In My Opinion
California Is Leading the Way in Medicaid Abuse
By Jon Coupal
California has just asked for and received a waiver from the federal government that allows the state to skip eligibility verification for Medi-Cal.
According to estimates from the National Health Care Anti-Fraud Association, American taxpayers are losing more than $100 billion a year to Medicare and Medicaid fraud. In California—where the Medicaid program is referred to as Medi-Cal—there is little incentive to address waste, fraud and abuse in the handling of billions in federal funding.
With Medi-Cal, it now appears that California’s sloppiness is by design as there are perverse incentives to actually expand abuses. First, some background.
The Social Security Act mandates that Medicaid’s eligibility guidelines include verification of assets, income, and employment status. But, amid the chaos of the COVID-19 pandemic, emergency measures were enacted, and Medicaid enrollment was facilitated without the usual verification of eligibility. While understandably designed to provide immediate relief during a crisis, by law it was to be only a temporary measure.
Medicaid’s suspension of eligibility determination protocols like asset verification was similar to the SBA’s fraud-riddled Paycheck Protection Program—pay first, verify later. And while millions of people kept their healthcare, it was at a cost of hundreds of billions of taxpayer dollars lost to fraud and waste.

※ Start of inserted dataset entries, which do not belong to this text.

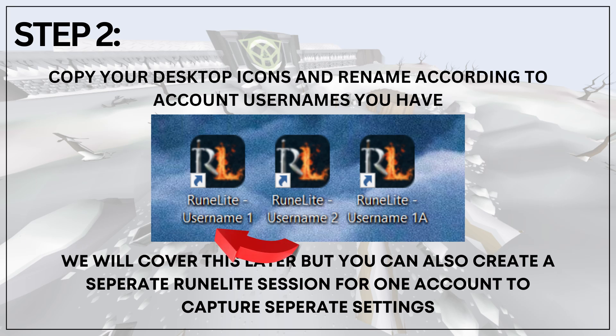On the screen now, you can see an example of username1, username2, and username1a, which will be a variant RuneLite for the same username, which we will cover later on in this video.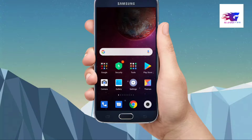I want to see this daily service. If I want to see, I want to see it as an active phone.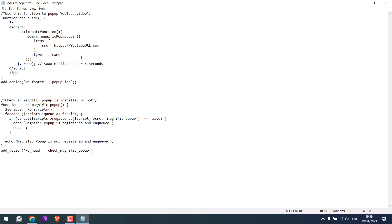However, please note that this code will only work if the Magnific Popup is supported by your WordPress theme. If Magnific Popup is not supported by your theme, the code will not work.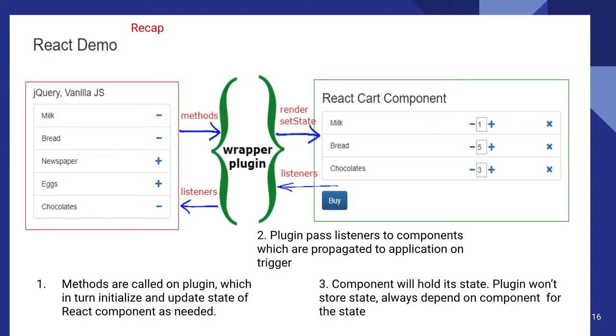And plugin passes listeners to components which are propagated to application on trigger. And the component will hold its state. Plugin won't store state, always depend on the component for the state. Thank you.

Now that many Medicaid recipients have reentered the workforce, a major beneficiary of lenient Medicaid eligibility standards appear to be the insurance companies because they receive a per-member, per-month fee from the American taxpayers.
Private insurers encouraging lax Medicaid eligibility requirements is fast-becoming a budgetary emergency—not just for California’s Medi-Cal program, but nationally. The Louisiana Department of Health spent $112 million on Medicaid coverage for nearly 14,000 adults who don’t appear to live in Louisiana, according to a state legislative audit. Simply “verifying” someone’s address would have solved that problem. Insurance companies don’t view this as “their” problem.
Now that the pandemic has subsided, Medicaid is under a statutory obligation to enforce eligibility verification again. Without it, taxpayers will be handing thousands of dollars per person to insurance companies for people who have access to other health plans.
Unfortunately, the perception that millions of Americans are about to imminently lose their Medicaid coverage has led California to request that CMS allow them to waive the “asset verification” requirement for Medi-Cal recipients. Foolishly, CMS just approved their request in what appears to be a direct violation of the Social Security Act.
The practical effect of all this is that California has taken a huge step toward what it has wanted for decades; a single payer system known as Medicaid For All.
But the problems with this tactic—both legal and practical—are countless. First, if California is allowed to continue down this path it is likely to embolden other states to follow suit. It’s critical to consider the fiscal implications not only for individual states but also for the federal government, whose coffers are affected by such decisions.
Second, California’s failure to include asset verification is reminiscent of the state’s $31+ billion fraud loss to cybercriminals who exploited similar loopholes in the state’s unemployment insurance program—the largest sum ever lost by a state to organized crime.
Third, once somebody is on the Medicaid rolls, it is assumed by other agencies that they “qualify” for the program. This is called Broad Based Categorical Eligibility, and by being on Medicaid, somebody becomes eligible for TANF, SNAP and a host of other benefits. Has the Congressional Budget Office or the OIG even considered the financial implications of suspending eligibility requirements for all entitlement and welfare programs?
Finally, this pen-stroke policy shift raises moral, ethical, and even Constitutional concerns: can one state, in concert with a single President, violate the law, circumvent Congress, and force the rest of the country to pay for it? California surely has a right to spend $1 trillion a year, or $10 trillion for that matter, on providing free healthcare to its residents—but not using money that is taken from taxpayers of other states.
In approving California’s request to permanently dissolve asset verification for Medi-Cal, CMS is setting a dangerous precedent for the rest of the nation. The situation demands scrutiny and a transparent debate. Rather than allowing this policy shift to unfold in the shadows, a public debate should be robust and inclusive. This is a decision that affects not only those in need of healthcare assistance but also every taxpayer who bears the financial burden of such expansion, including future generations.